16. The liability of XLS is limited to ten million dollars ($ 10,000,000) under the June 16, 1986, agreement, as amended, and therefore recovery of damages by the National Bank for Cooperatives against XLS, Inc. is limited to ten million dollars ($ 10,000,000). Damages are hereby awarded to National Bank for Cooperatives against XLS, Inc., in the amount of ten million dollars ($ 10,000,000), with interest from June 30, 1992, at the current legal rate under Texas law applicable to unpaid court judgments, until paid.
17. The claimed damages for negligence, negligent supervision, and deceit are limited to, and included in, the ten million dollars ($ 10,000,000) set forth above.

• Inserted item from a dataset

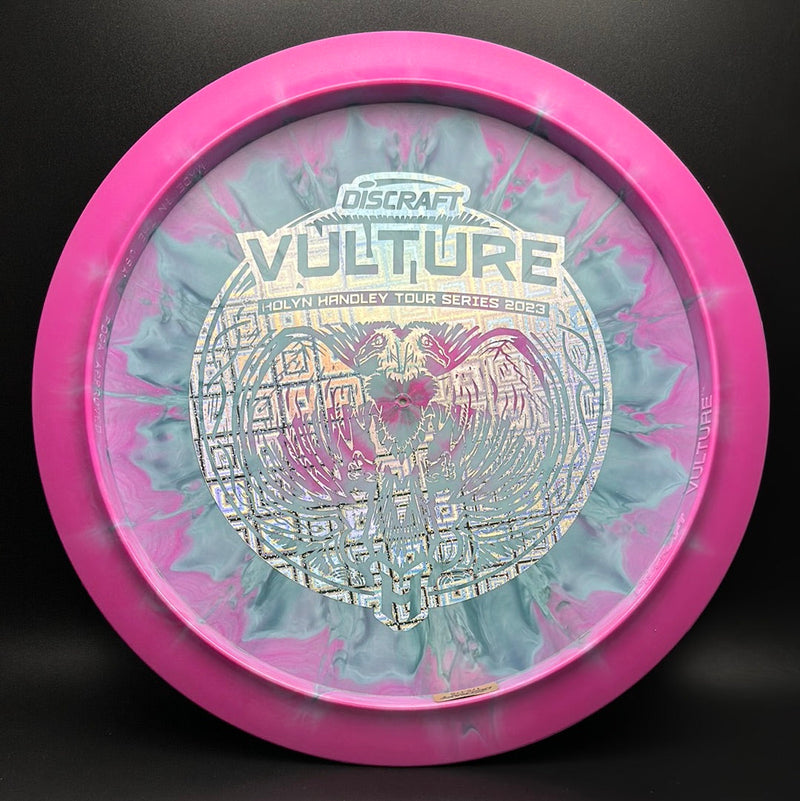 Load image into Gallery viewer, ESP Swirl Vulture - 2023 Holyn Handley Tour Series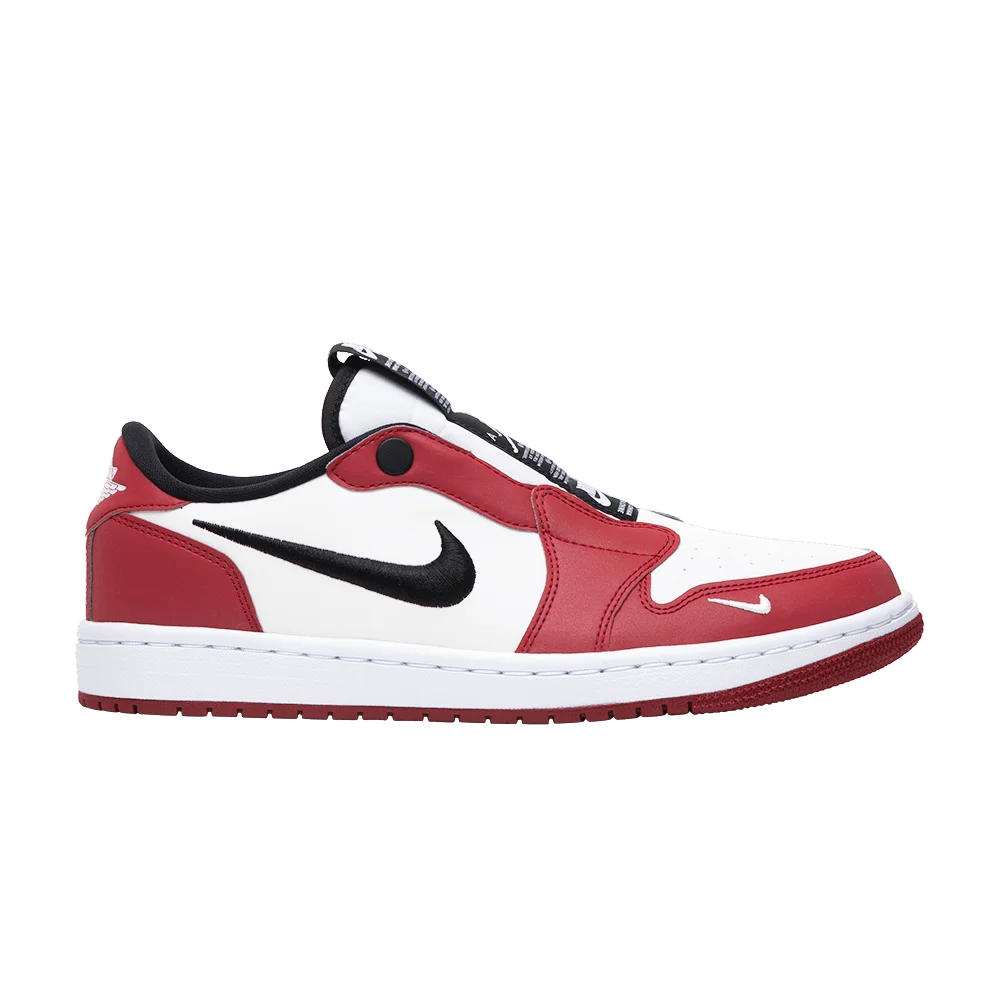 Кроссовки Wmns Air Jordan 1 Low Slip 'Chicago'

The panel finds that the damages for these claims resulted from a failure to provide the services specified in the agreement.
18. The claimant has not sustained its burden of proof to support a finding of unfair and deceptive trade practices, or to establish punitive damages;
19. Claimant is awarded against XLS, Inc., its attorney's fees and expert's fees in the aggregate amount of $ 330,000. Additionally, claimant is awarded against XLS, Inc., the sum of $ 20,300 paid by claimant for administrative fees to the American Arbitration Association, plus the sums advanced by claimant for arbitrators' fees and other costs in the amount of $ 12,075. Claimant is awarded interest against XLS, Inc., on the aggregate of these sums, $ 362,375, from June 30, 1992, at the current legal rate under Texas law applicable to unpaid court judgments, until paid.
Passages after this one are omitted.